RAPID CITY, SD (AP) South Dakota will have a $220 million backlog of highway and bridge projects by 2008 unless there is an increase in federal funding, a study found.
The Road Information Program, or TRIP, a Washington-based group sponsored in part by the highway construction industry, recently released its report.
The report comes as Congress prepares to consider a new six-year highway bill to replace 1998’s Transportation Equity Act for the 21st Century, TEA-21, which expires Sept. 30.
"Additional funding under TEA-21 reauthorization would help South Dakota further modernize its road and bridge system, improving traffic safety and mobility and boosting economic development,’ the report concluded.
Versions of the new bill range from a small increase in federal highway money to a 60 percent increase in funding.
Speaking at a news conference, Leon Schochenmaier, director of planning and engineering for the state Department of Transportation, called for more highway spending. South Dakota and four other states have proposed a bill that would increase federal highway funding in South Dakota by more than 30 percent to $1.7 billion over six years, he said.
But time is running out for a new bill, and Congress will likely have to pass a one-year extension of TEA-21, Rapid City contractor Roger Johnsen said. He is past president of Associated General Contractors, the group that organized Tuesday’s news conference. Next year – an election year – Congress and the Bush administration would tackle a long-term highway spending measure, he said.

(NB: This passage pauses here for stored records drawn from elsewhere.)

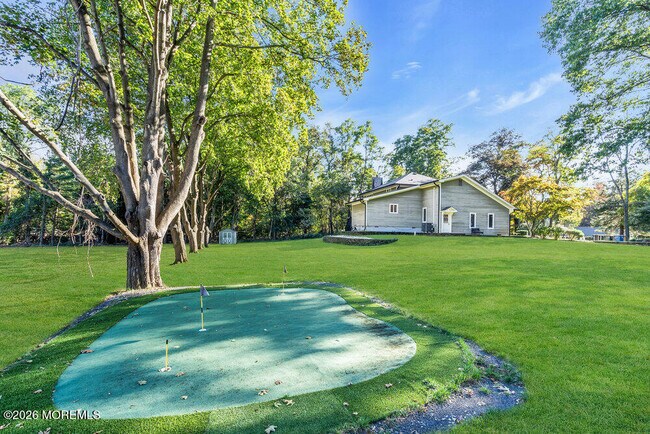 Building Photo - 17 Woods End Rd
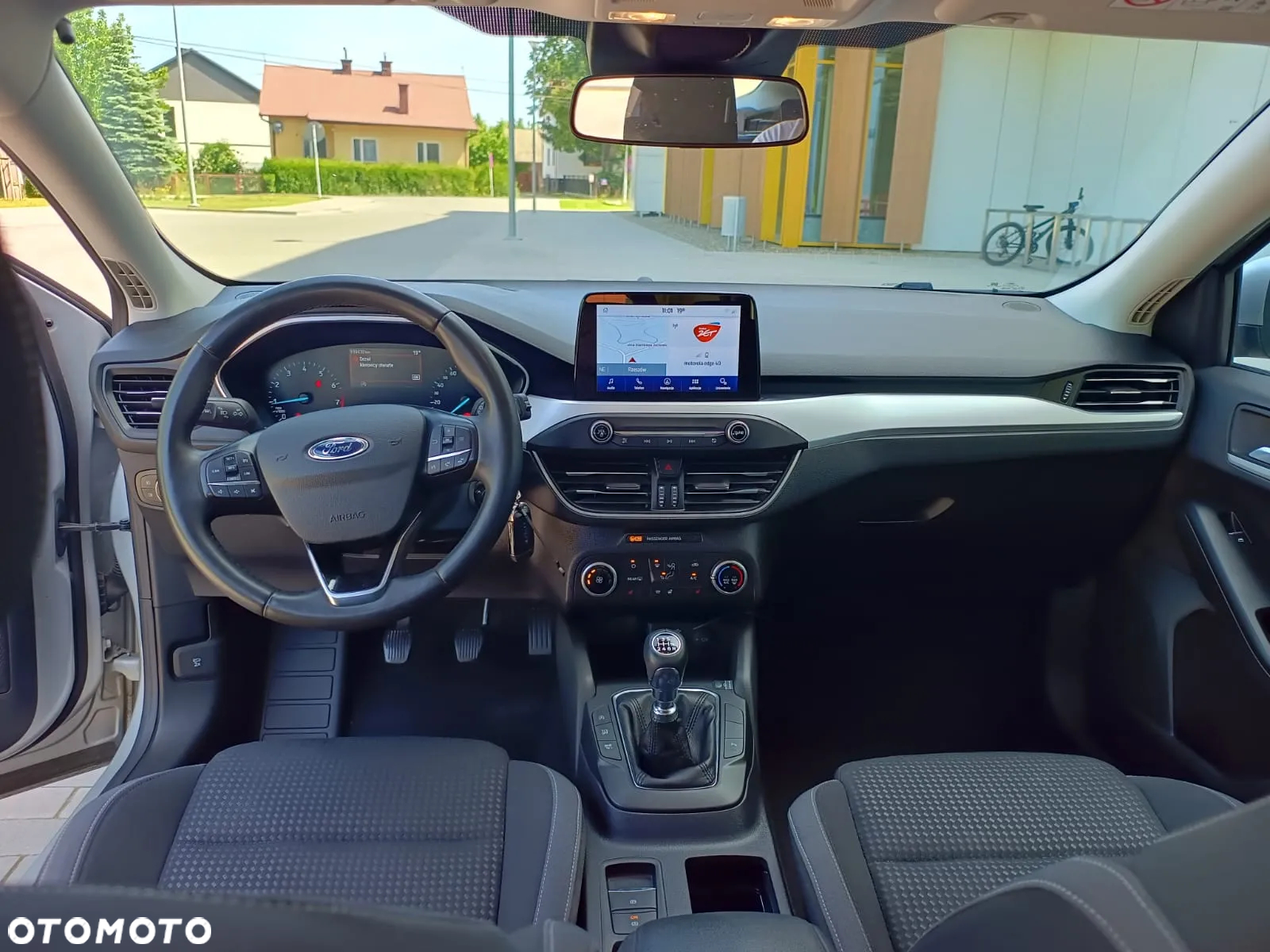 Ford Focus 1.0 EcoBoost Connected - 16
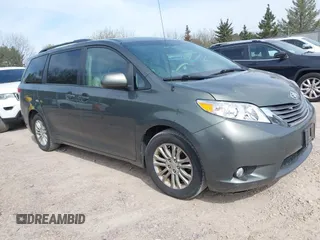 2013 Toyota Sienna XLE AAS z VIN 5TDYK3DC8DS318387, wystawiony jako IAAI lot #42146255 z przebiegiem 244 899 mil mil oraz . Historia ofert i sprzedaży dostępna na DreamBid. Obrazek 1.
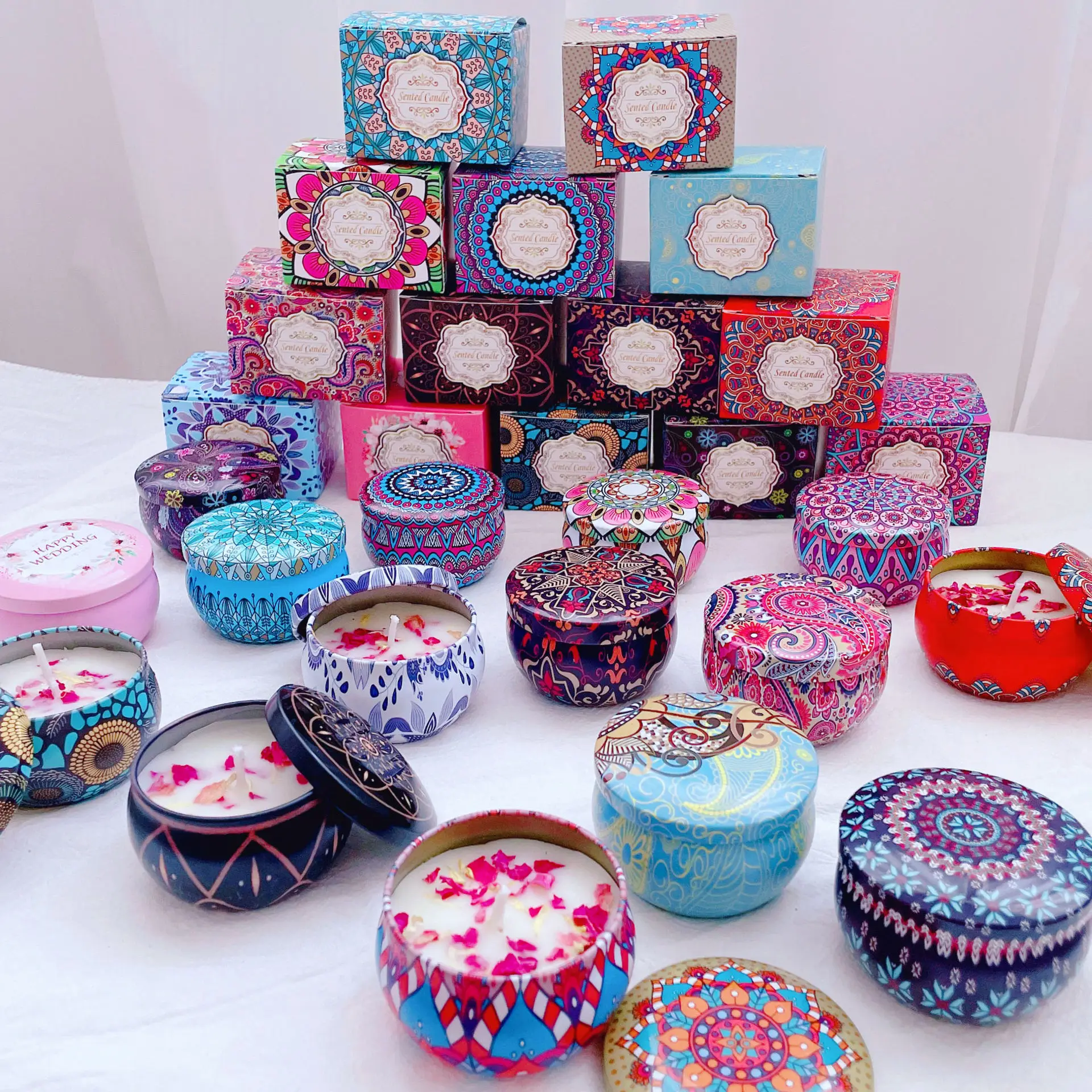 High Quality Luxury Design Box Oem Tin Candle Candle Gift Set Soy Wax Essential Oil Aromatherapy Scented Candles Gift Set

Dan Pfeiffer, an aide to Sen. Tom Daschle, D-SD, agreed that a new six-year bill probably will not pass by Sept 30.
"Sen. Daschle is open to a number of approaches to this, but we need to find one that can get a majority of votes in the Senate as well as pass the House and be signed into law by the president,’ Pfeiffer said. "We’re still working through that process right now.’
According to the staff for Sen. Tim Johnson, D-SD, who is a member of the Senate Budget and Appropriations committees, the Senate has prepared for the bill by budgeting $283 billion for highways and transit systems over the next five years. That is more than the Bush administration’s proposal, which calls for $247 billion over six years.
"I will fight for the higher Senate level to ensure that resources are available to improve South Dakota’s transportation infrastructure in the appropriations bill,’ Johnson said in a statement. "Congress cannot afford to shortchange critical transportation infrastructure improvements.’
On the House side, the committee in charge of the bill is wrestling with the issue, according to Lee Cohen, spokesman for Rep. Bill Janklow, R-S.D. The committee chairman is working to increase funding for highways, but the final bill might not contain all the money South Dakota needs, Cohen said.